Spira un vento di condivisione, a Invorio. Lo si è percepito chiaramente sabato 2 luglio, alla conferenza stampa sui progetti sportivi che il CSI invoriese e l’A.S.D. Borromeo Vergante intraprenderanno assieme a settembre.


L’assessore Alberto Rollini è stato il primo a prendere la parola e a delineare le linee guida dell’idea che porteranno avanti le due associazioni. Due le direttive che verranno seguite: quella dell’agonismo e quella dell’attività ludico-ricreativa. A settembre infatti prenderà avvio un progetto di scuola-calcio anche nel comune di Invorio, grazie alla disponibilità del campo sportivo a 5 della Pro Loco e di quello a 7 dell’oratorio che per la prima volta verranno usati dalle associazioni, e all’inaugurazione dei nuovi spogliatoi.
Rollini ha sottolineato la centralità dell’aspetto educativo e ha rimarcato come sia necessario per le associazioni collaborare e progettare assieme per ottenere risultati positivi.

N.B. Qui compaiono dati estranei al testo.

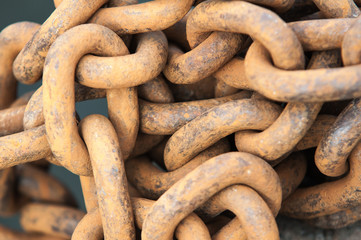 Fototapeta premium iron chain
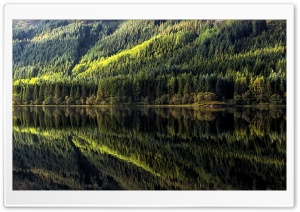 Reflections on Loch Chon Ultra HD Wallpaper for 4K UHD Widescreen desktop, tablet & smartphone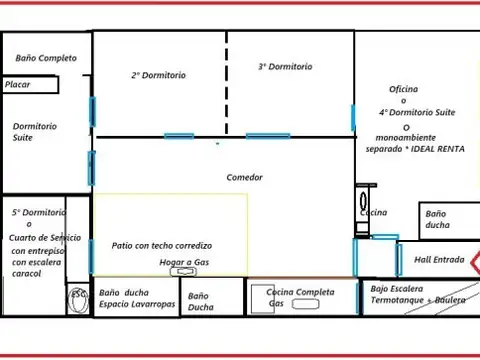 Pichincha 1100, Piso 0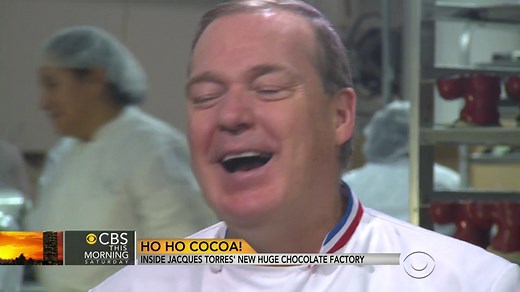Chocolatier Jacques Torres shows off his new chocolate factory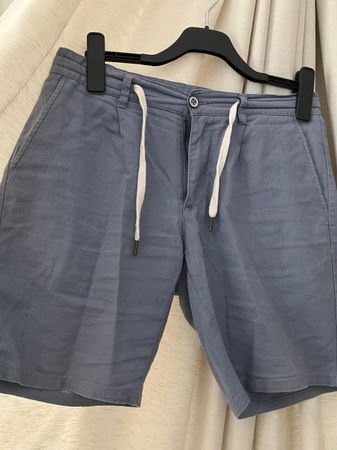 Herren Bermuda / Shorts – Taubenblau/Aviograu Gr.40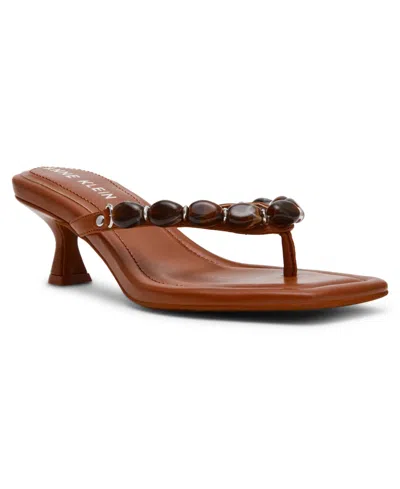 Anne Klein Women's Gwenn Slip-on Dress Sandals In Brown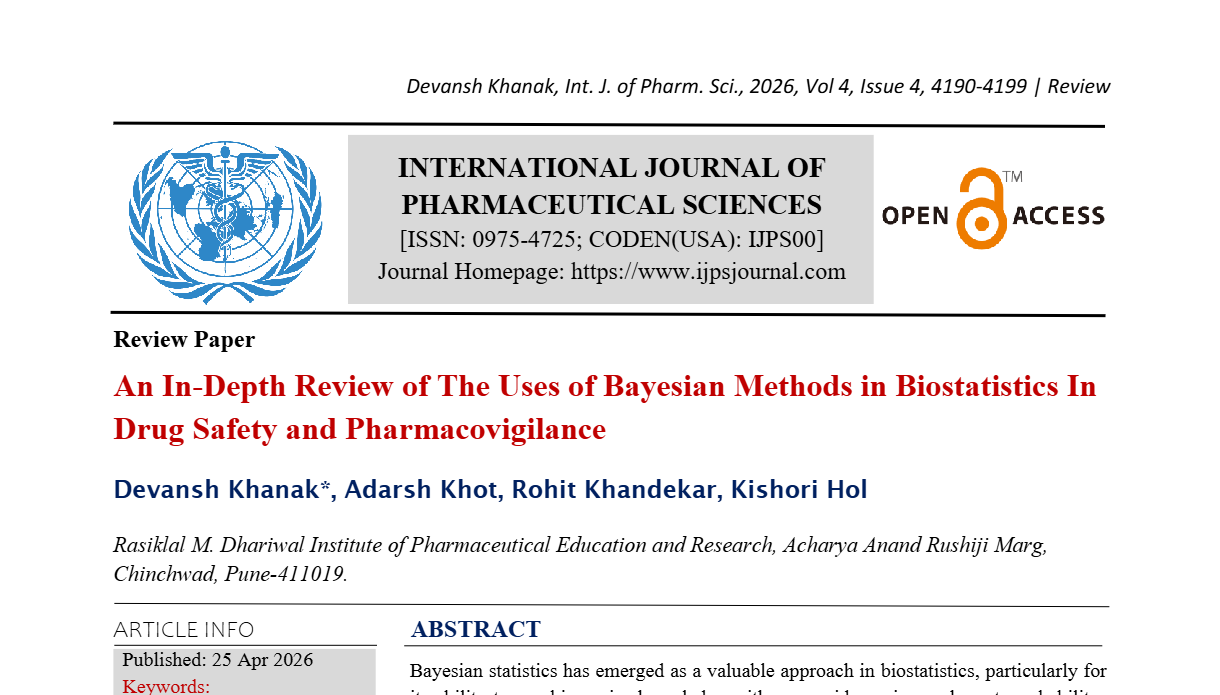 An In-Depth Review Of The Uses Of Bayesian Methods In Biostatistics In Drug Safety And Pharmacovigilance.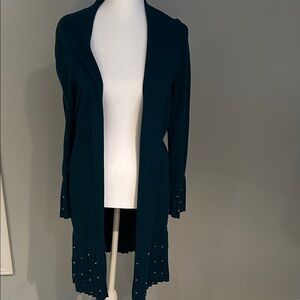 Chico's Deep Teal Open Cardigan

Sono previsti inoltre momenti di formazione per allenatori e assessori di tutto il Vergante, ormai coinvolto quasi per intero nei progetti sportivi.
Anche Dario Angiono (foto a sinistra), coordinatore tecnico professionale, ha ribadito l’importanza di formare istruttori qualificati, che abbiano gli strumenti per far divertire e crescere i bambini e si è detto positivo riguardo all’idea, anche se ambiziosa; ha anche sottolineato l’importanza della partecipazione di tutto i ragazzi, anche quelli con difficoltà, e dei genitori.
Anche l’Ufficio della Pastorale dello Sport, rappresentato da don Franco Finocchio, si è mostrato positivo verso il progetto e ha offerto la propria disponibilità per gli aspetti pedagogico-formativi. Secondo don Franco «questa è la stagione delle sinergie, con le quali si impara reciprocamente e ci si corregge a vicenda: è la strada giusta, non reversibile, tutta a vantaggio dei ragazzi».
Ha concluso la conferenza l’assessore alle politiche giovanili di Paruzzaro Matteo Mora, che ha ricordato come spesso i progetti sportivi non si realizzano per mancanza di risorse e mezzi, problema che potrà essere risolto con la condivisione a 360 gradi delle strutture.
Genitori e bambini sono invitati a toccare “con i piedi” questo progetto all’open day del pomeriggio del 3 settembre, perché la condivisione diventi realtà.